Recent recordings released by Bridge Records include the Complete Works for Cello and Piano by Felix Mendelssohn with the pianist Lydia Artymiw and the Sonatas of Richard Strauss and Edvard Grieg with pianist Susan Walters.
A consummate soloist, Ms. Rosen’s superb musicianship is enhanced by her many chamber music activities. She has collaborated with the world’s finest musicians including Jonathan Biss, Jeremy Denk, Leon Fleisher, Richard Goode, Andras Schiff, Peter Serkin, Mitsuko Uchida, Isaac Stern, Robert Mann, Sandor Vegh, Miriam Fried, Kim Kashkashian, Jessye Norman, Lucy Shelton, Charles Neidich and the Juilliard, Emerson, and Orion Quartets. She is a founding member of the ensemble La Fenice, a group comprised of Oboe, Piano and String Trio, as well as a founding member of the world-renowned Mendelssohn String Quartet. With the Mendelssohn String Quartet, she was Artist-in-Residence at the North Carolina School of the Arts and for nine years served as Blodgett-Artist-in Residence at Harvard University. The Quartet which disbanded in January of 2010, toured annually throughout the United States, Canada and Europe for 31 years.
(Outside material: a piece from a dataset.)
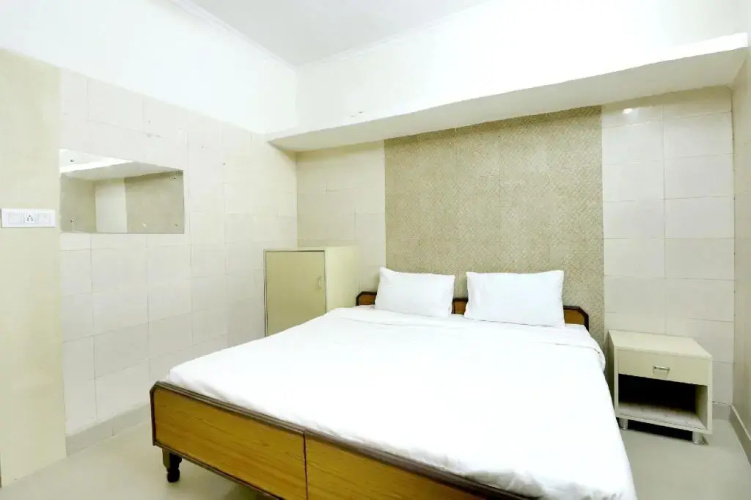 Hotel Samrat by OYO Rooms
She performs regularly at festivals both here and abroad, including the Caramoor, Four Seasons, Lake Champlain, Santa Fe, Ravinia and Saratoga Chamber Music Festivals, the Seattle International Music Festival, the Lockenhaus Kammermusikfest in Austria and the International Musicians Seminar in England. A long-time participant at the Marlboro Music Festival in Vermont she has taken part in 25 of their “Musicians from Marlboro” tours and performed in concerts celebrating the 40th, 50th and 60th Anniversaries of the Festival.
Since 1986 Ms. Rosen has been Artistic Director of Chesapeake Chamber Music in Maryland. That organization houses the Chesapeake Chamber Music Festival, an International Chamber Music Competition, a Jazz Festival and YouthReach, an educational program that provides free lessons to beginning string players. She is also an artist member of Music for Food, a musician led initiative to fight hunger in our local communities.
The recipient of many awards and prizes, Marcy Rosen twice won the Young Concert Artists International Auditions, in 1981 with the Mendelssohn String Quartet and again in 1986, as a soloist. She was further honored by YCA with the Walker Fund Prize and the Mortimer Levitt Career Development Award. She is also the winner of the Washington International Competition for Strings and was the first recipient of the Mischa Schneider Memorial Award from the Walter W. Naumburg Foundation.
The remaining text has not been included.